On The Frontline

That was not the President’s problem

I must have known his name, at least.

But I know there is a civil servant somewhere at the Capital Hill employed, specifically, to ensure that every primary school teacher in the country is paid by the 27th of each month.

As of Wednesday last week, ‘that civil servant’, courtesy of taxpayers’ money, already got his or her October salary. Today, he or she has nothing to worry about: the rentals, the bills, the fees—all have been settled.

Yet, as of Wednesday last week, some primary school teachers in Blantyre were yet to get their salaries.

I know the torment such primary school teachers have endured.
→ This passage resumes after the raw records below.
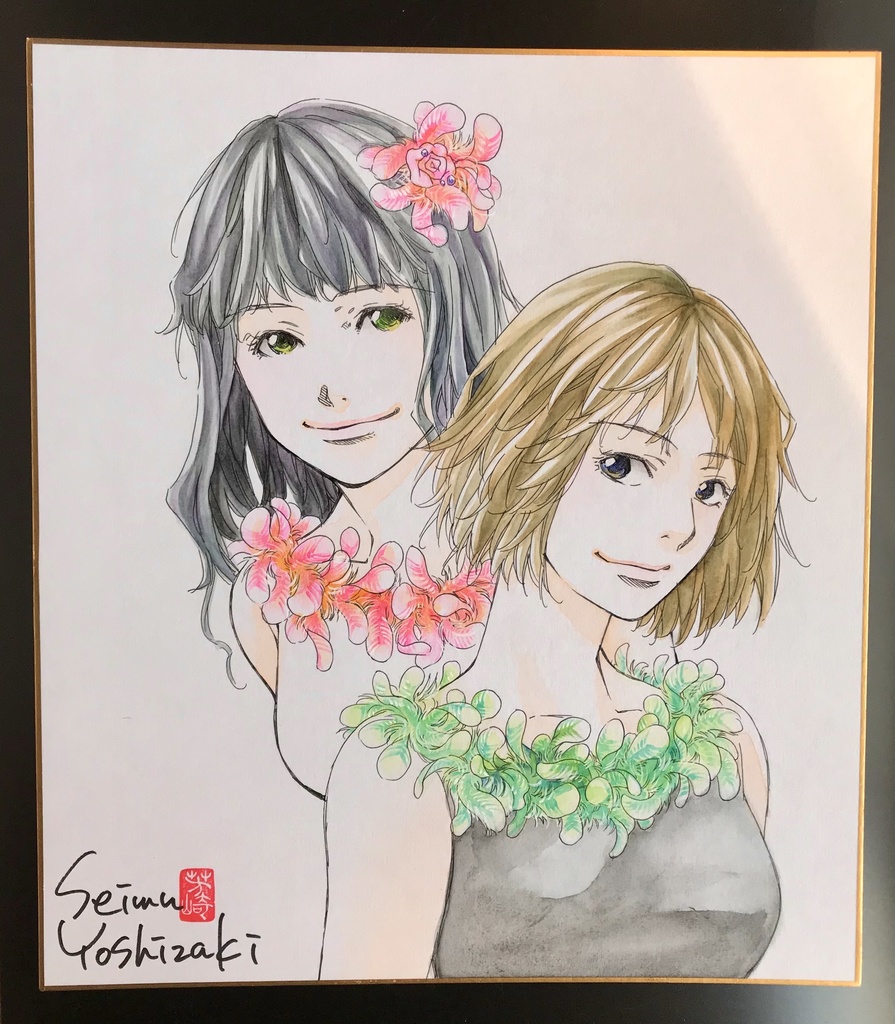 直筆イラスト色紙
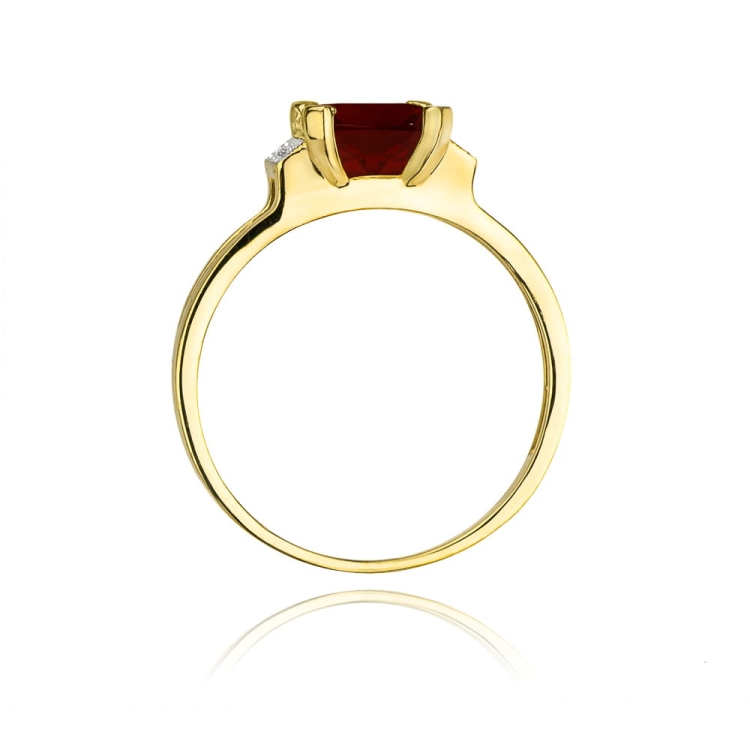 Pierścionek zaręczynowy z żółtego złota z granatem i diamentami 0,03ct Fire Of Love BW-103-granat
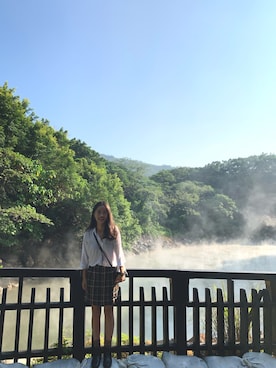 「MEIER.Q（マイヤーキュー）のアイテム（シャツワンピース）」を使った、ケイリーさん（レディース・156cm）の秋コーディネート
They have to hide from their landlords; from pricking questions from their children as supplies run out at home—and some, I can only imagine, have already had power and water disconnected.
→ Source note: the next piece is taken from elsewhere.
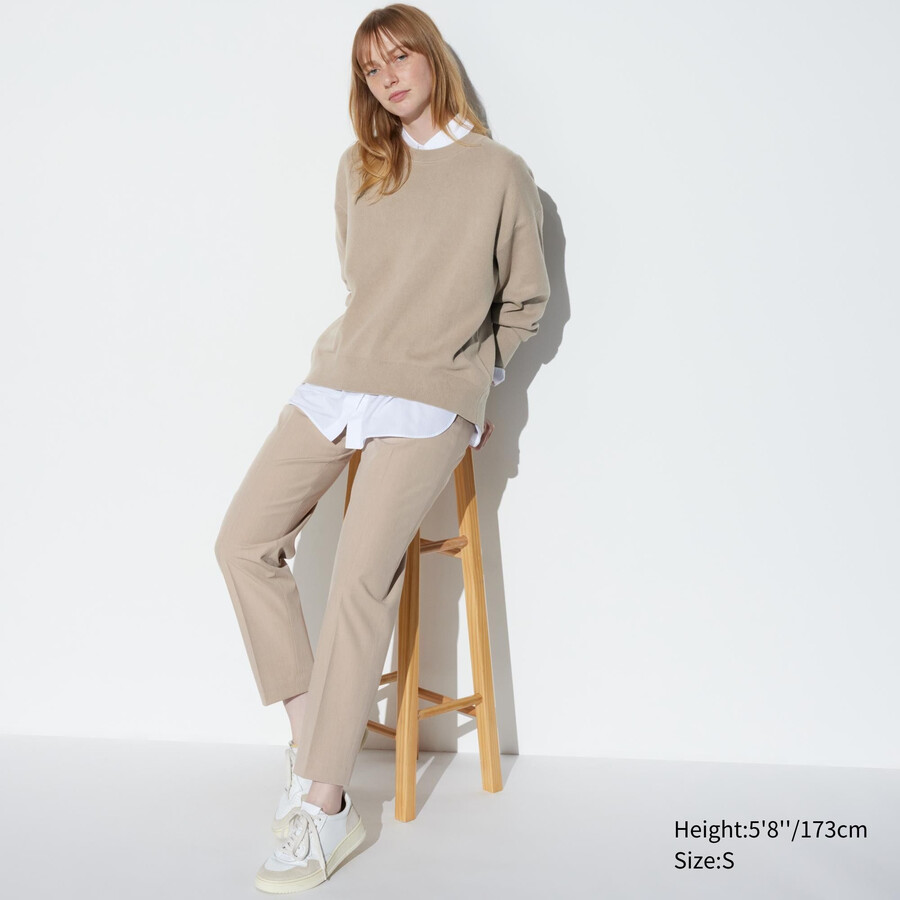 tops elegantes hasta el tobillo beige uniqlo para mujer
And ‘that civil servant’, as of Wednesday last week, still had his or her child, with a packed meal in school.

But in Blantyre, because of ‘that civil servant’, hundreds of irate pupils revolted from classrooms without teachers and spilled their rage in the streets.

The collective scale of damage from these irate pupils on innocent people and properties is something, I know, should have been avoided.

It should have been avoided because the story of delayed salaries for primary school teachers is nothing unusual in Malawi. What is unusual, though, is its tenacity.

But why always teachers?

I know government has a list of excuses to explain their failures. I clinched my fists and gnawed my teeth when some spokesperson from the Ministry of Education connected the delay to challenges of decentralisation.

Does that mean its only teachers whom decentralisation fails to work with? Quite foolish!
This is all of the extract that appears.